Ten minutes later and still Don-less, Alan's worry began to grow again. Even if he was talking with a team mate I think he would have taken just a minute to call now. He wouldn't let me sit here and worry for forty-five minutes without any notice. I know his mother and I raised him better than that.

The concerned father rose from the table and made another lap around the living room, trying to walk off his growing feeling of dread. Could he have been… No! Megan or David would have called me – I know they would. But that would be if it was work related. What if something happened on the way over here? A massive pile up on the freeway?

He sprinted to the television, his fingers clumsily fumbling on the power button. He flipped through the local channels, holding his breath as he was certain there was going to be a breaking news report about a ten car wreck and unknown fatalities. Nothing, he sighed in relief. But… it might have been just one or two cars – not enough to make the news, but certainly enough to seriously injure someone. That would explain why he's not calling me – he might not be able to.

Alarm seized his heart as a vice gripped his lungs, leaving him weak and gasping for breath. No, please no. I can't lose Donny… It was bad enough to outlive his mother, I can't outlive my sons, too.

His knees growing weak, Alan rushed to the end table and grabbed his phone, his shaky fingers attempting to enter Don's cell. He was on his third attempt when a muffled noise outside the front door startled him, the phone dropping like a rock from his hands. The lock clicked and the door eased open, revealing a very tired, but living and breathing Don.

"Where have you been?" Alan demanded, unable to hold back his anger despite the enormous relief he felt.
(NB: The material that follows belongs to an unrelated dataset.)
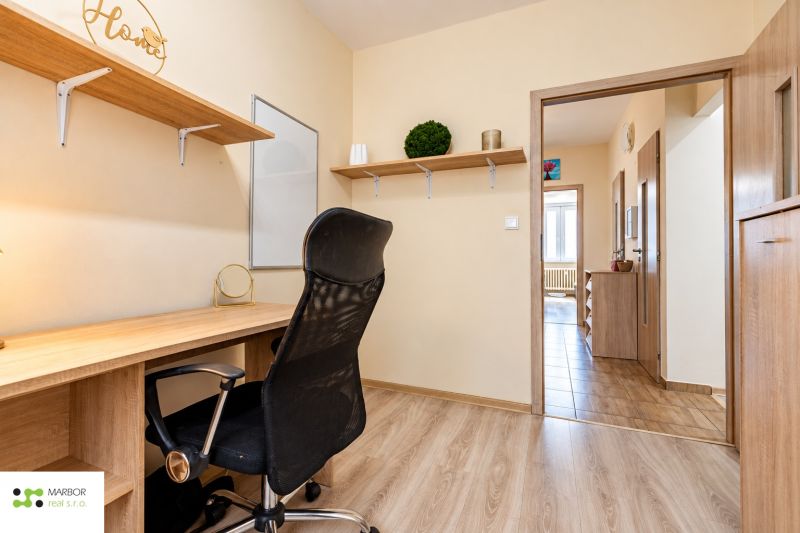 A workspace with a desk and a black office chair, complemented by a floor with a wooden decor.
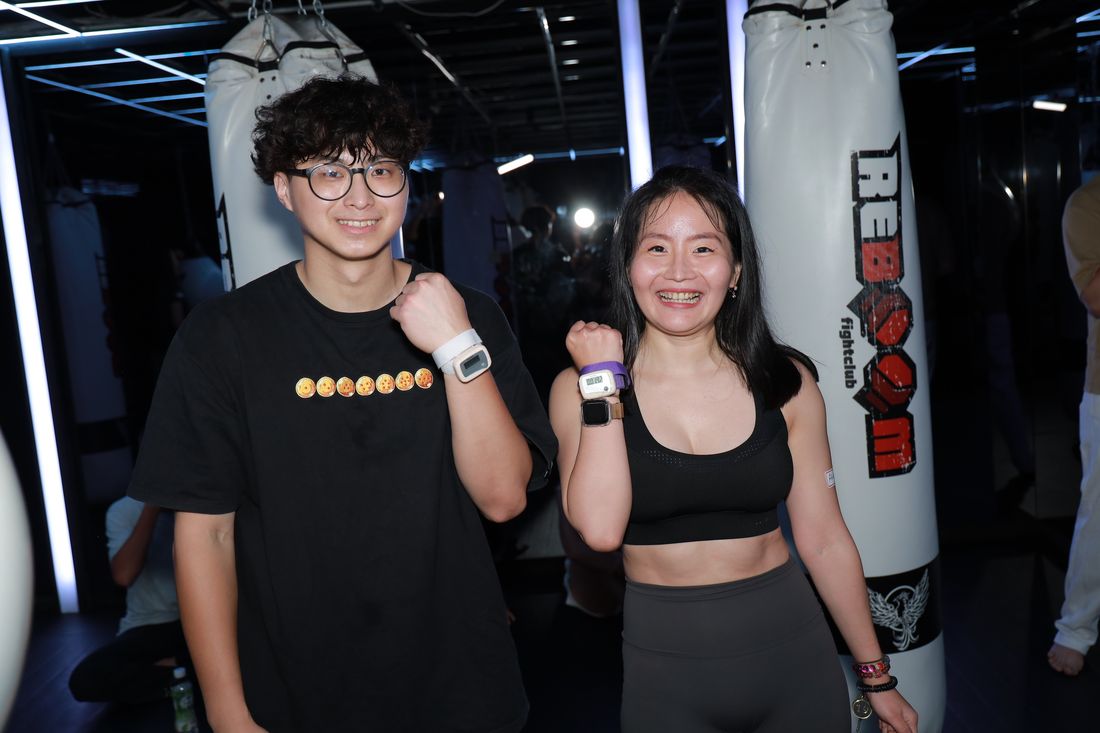 一男一女並肩比出加油手勢,手腕上戴著出拳計數器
"Had a flat," Don replied, eyeing his father's phone where it lay on the floor. "I'd have called but my cell's battery was dead. I know I charged it last night, but I guess it's time for a new one." Looking up at his father and gesturing at the phone between them on the floor, he grinned. "You haven't touched my cell lately have you? Because that would explain why it wasn't working."

"You're a laugh a minute, Donny." The older man snapped as he started to bend over to pick up the phone. "Scaring your old man to death and then making jokes. I swear –grown or not – I have half a mind-"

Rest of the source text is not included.